Katie Notopoulos: I like to think I'm an optimist. Right? But I feel like that's one of the mistakes of early tech reporting: to be totally optimistic about the tech industry. Like: Have you heard of this new Facebook thing? This is gonna be awesome. This is so cool. There's this guy who started this company in his dorm room, and now it's amazing.
VFD: It's connecting people.
Katie Notopoulos: But the internet is a really bad place for a lot of people. It makes a lot of people feel bad. And it has been designed in a way that has not created safety for a lot of people.
I honestly do feel like a lot of stuff has gotten better in some ways. Like, I feel like Twitter is a really good example where Twitter has actually done a pretty good job of cleaning up its harassment and abuse problem. It's obviously not solved. But if you think back to 2015, when it was truly a cesspool of actual Nazis and stuff, they made a lot of changes that actually made it better. So things can change like a trend in an upward direction.

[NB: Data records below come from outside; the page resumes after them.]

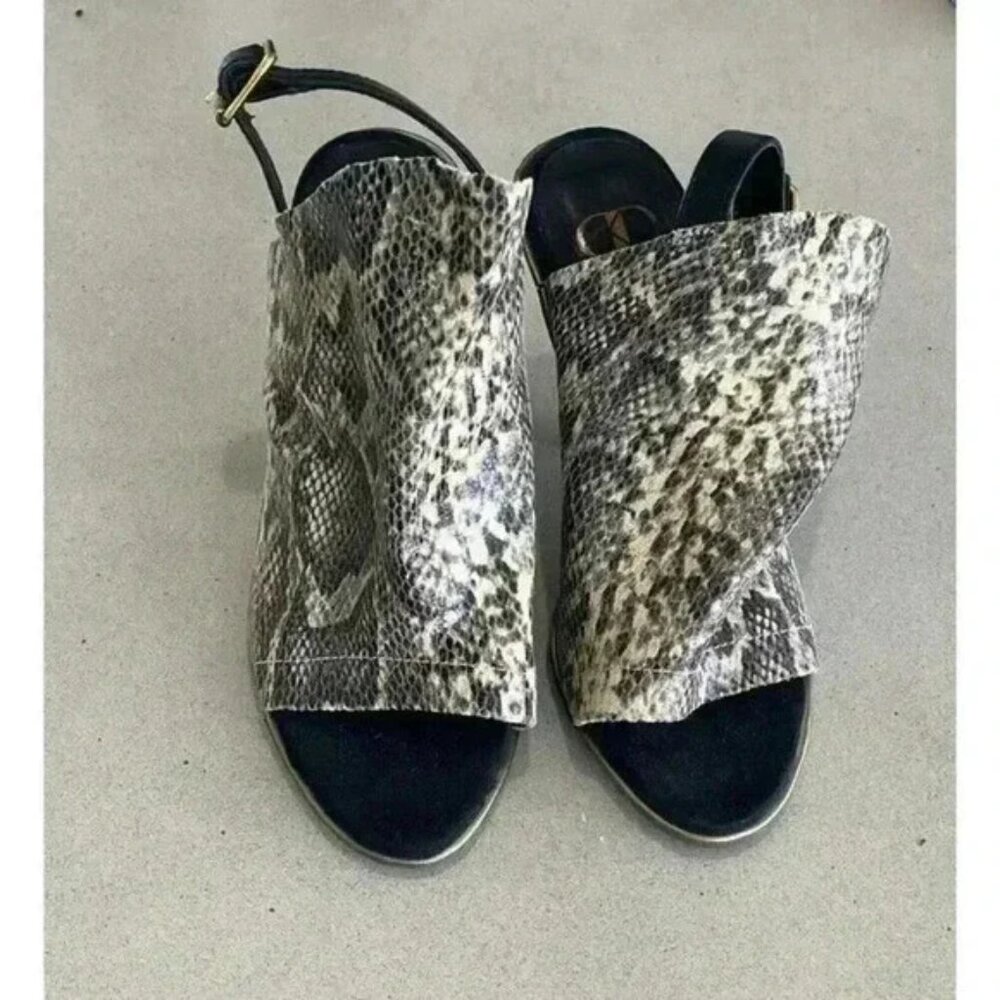Brown Black Leather Size 7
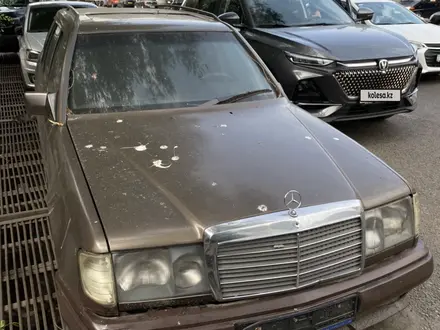 Mercedes-Benz E 230 1989 года за 600 000 тг. в Алматы – фото 5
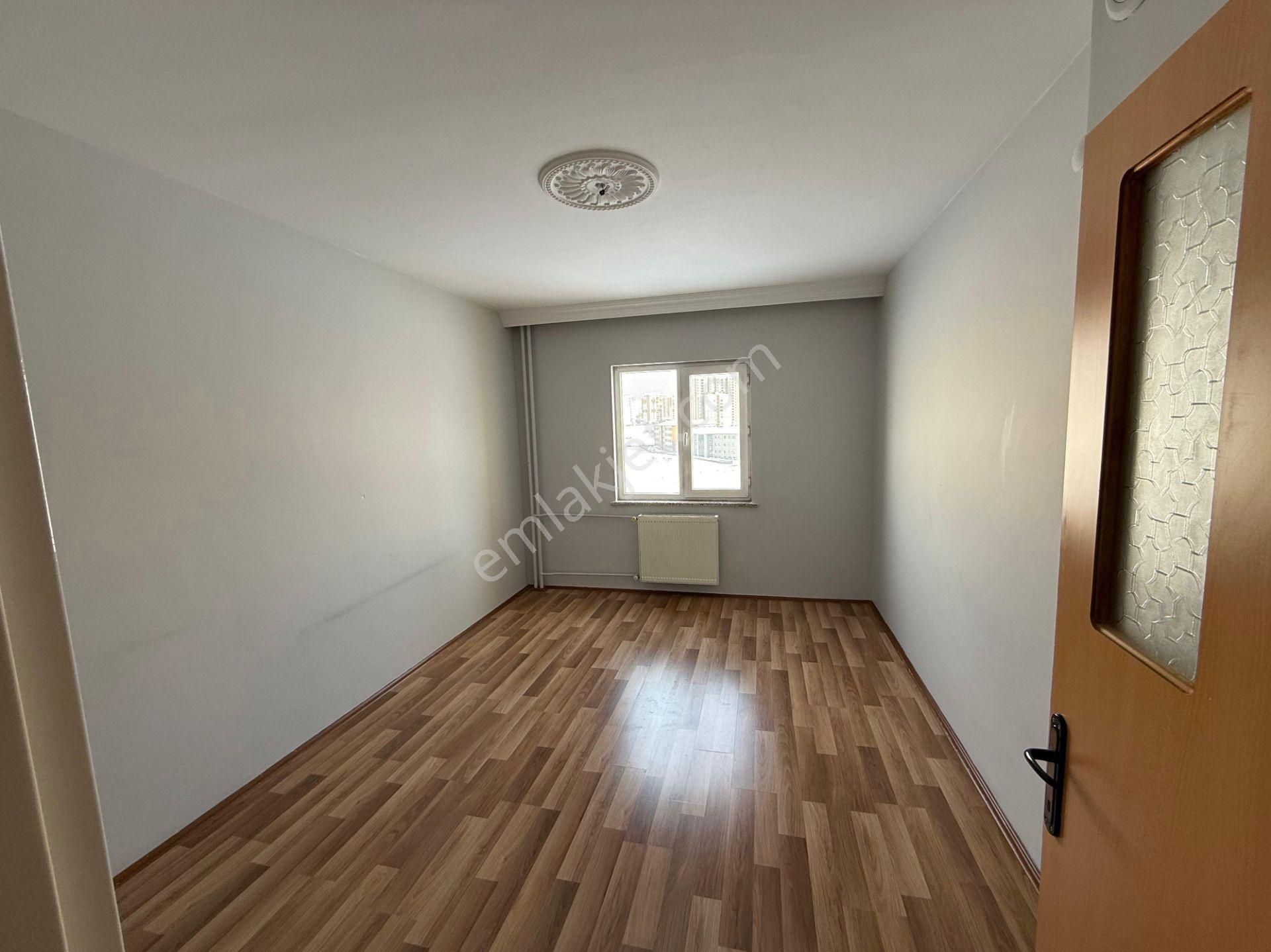 Beyazşehir Mah Cadde Üzeri Satılık Ara Kat Fırsat Dairesi - Görsel 6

VFD: I guess it’s actually not an internet question. It’s a subculture question. And that you have that optimism moreso for the subcultures that exist online in a way that people regularly point and laugh at in an aggressive and mean way. And I just have never felt that way about anything you've written. It's more like: people are living their lives, and if they choose to do it this way this person chooses to do so.

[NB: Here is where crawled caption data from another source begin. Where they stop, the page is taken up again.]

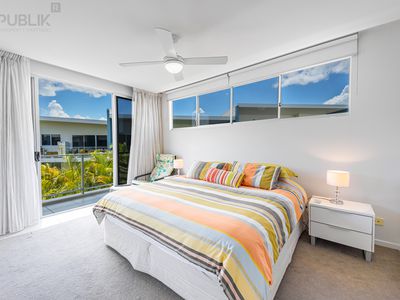 1409 / 2 Activa Way, Hope Island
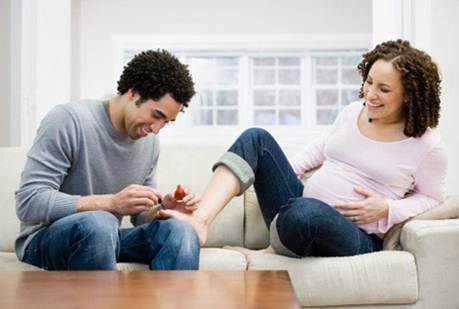Description: Pregnant women should manicure in airy place to avoid breathe much chemicals.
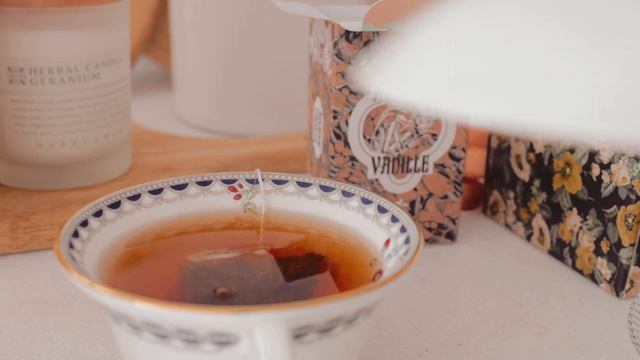 紅茶と旅日記で、神戸旅行の思い出を振り返る／手帳と紅茶とお花のある暮らし＃02 смотреть онлайн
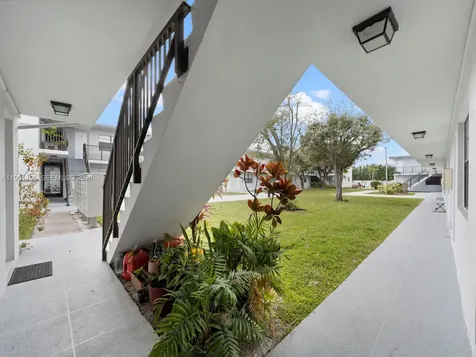 4444 SW 67th Avenue Miami FL 33155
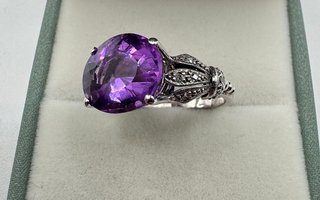 Anillo oro de 18 kt con amatista y diamantes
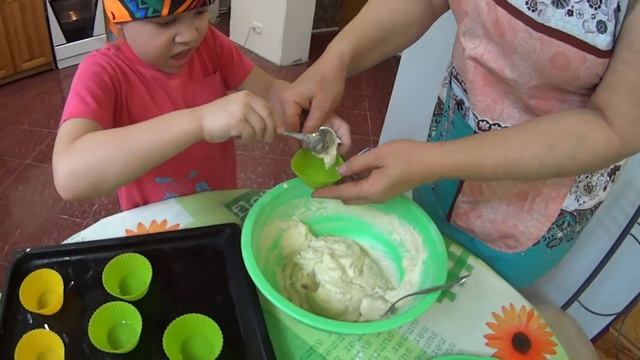 Кексы "Сладкий Рай" с внучкой Настей (6 лет) ! Cupcakes "Sweet Paradise" with granddaughter Nastya смотреть онлайн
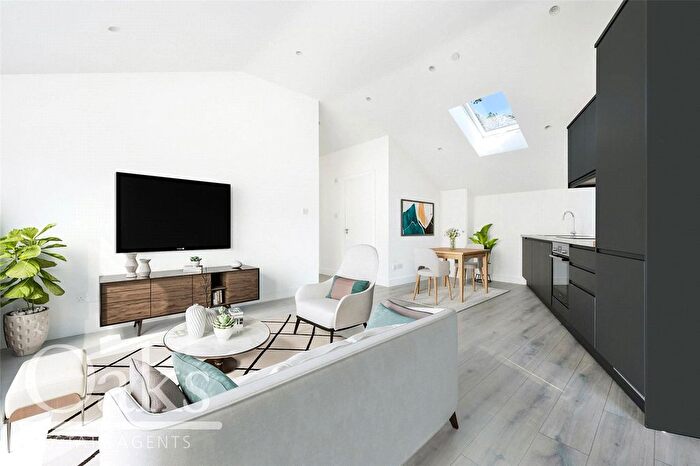 2 Bedroom Maisonette To Rent In Portland Road, South Norwood, SE25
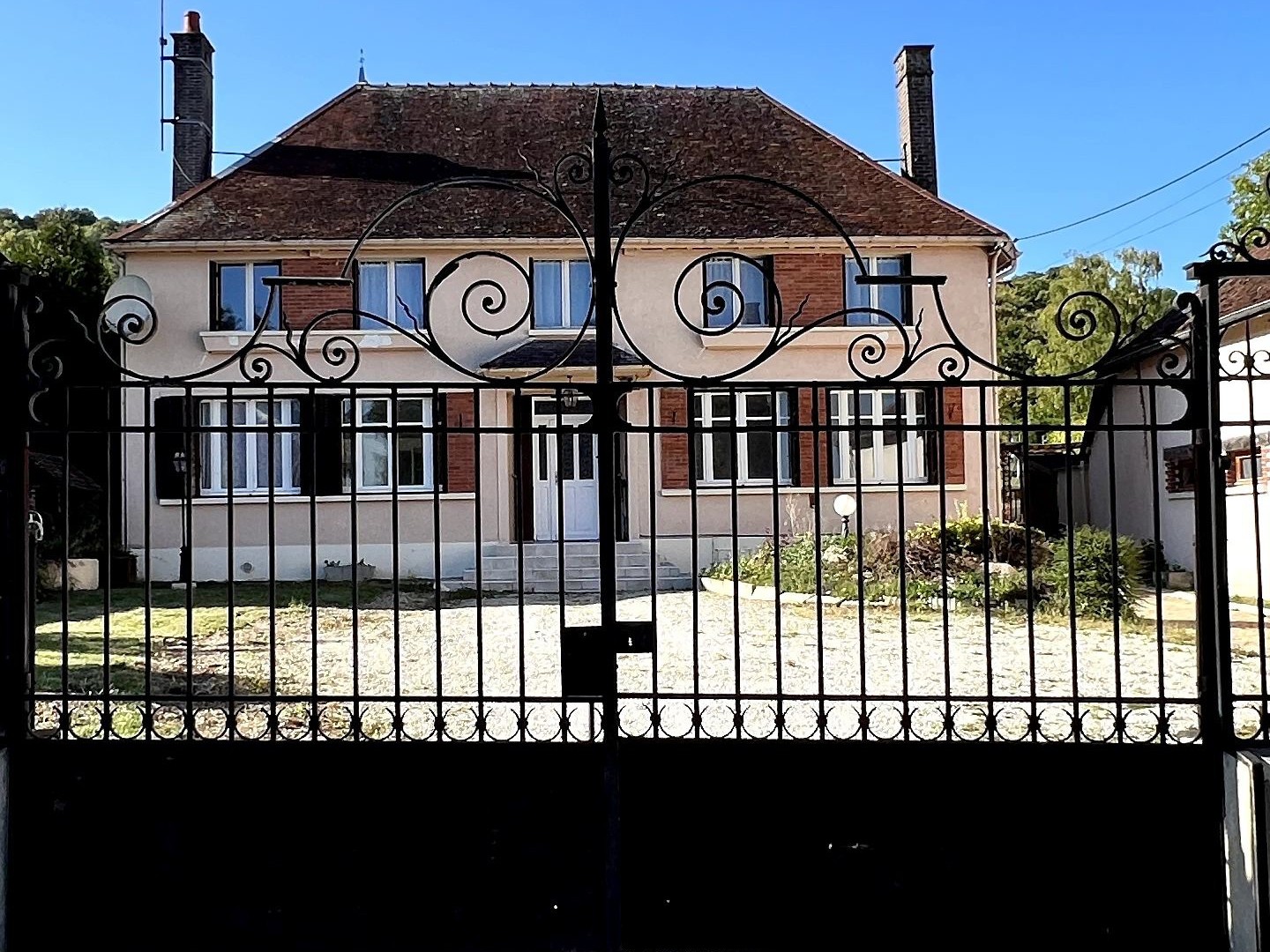 Maison 10 pièces 266 m²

Katie Notopoulos: Y’know, my feelings on that have evolved in a positive way. And I think I probably have come to that over time – people's opinions about life should change.
I remember one time I made a post on BuzzFeed that was kind of making fun of people who are adult baby diaper lovers. And a bunch of them – diaper lover fans – reached out to me and were like: This was really hurtful. And I was like: Yeah, you know what, Fuck. I fucked up there.
That was wrong. But I mean, there is something funny about being an adult baby diaper lover.
VFD: Right.
Katie Notopoulos: And I think that even adult baby diaper lovers know that to some degree.
I feel like the group that I have such a complicated relationship with is furries.
VFD: Yeah, I think that’s like a lot of people.
Katie Notopoulos: Because they’re the perennial underdogs of the internet, right? No pun intended. But people have been making fun of furries for so long. And to be pro-furry is a more fun stance in a way, right?
But furries also can be kind of annoying. And I've been to a couple furry conventions. But one thing that they do is they just insist, so hard, that it has nothing to do with sex. And it's like: I'm sorry, you can't piss on my leg and tell me it's raining. Like, it doesn't only have to do with sex, but I would direct you to a website called deviantart.com and you can see that there are clearly plenty of people who are interested in a sex version of this. It’s not everyone, I get it. Not all furries are in it for that. But some of them are. There is a lot of that material out there.
And I get it because they're coming from a place where they feel really persecuted for it. And that people have the wrong impression that it's only a sex thing. And that furries only exist to do this. And so I get it.
I love furries. I think the furry community has revealed itself to be a force for good.
VFD: Yeah, definitely.
Katie Notopoulos: I think it also took time and it took a lot of different waves of participating in whatever is going on. If there's mainstream internet culture, there's always this sidewave of what furries are up to.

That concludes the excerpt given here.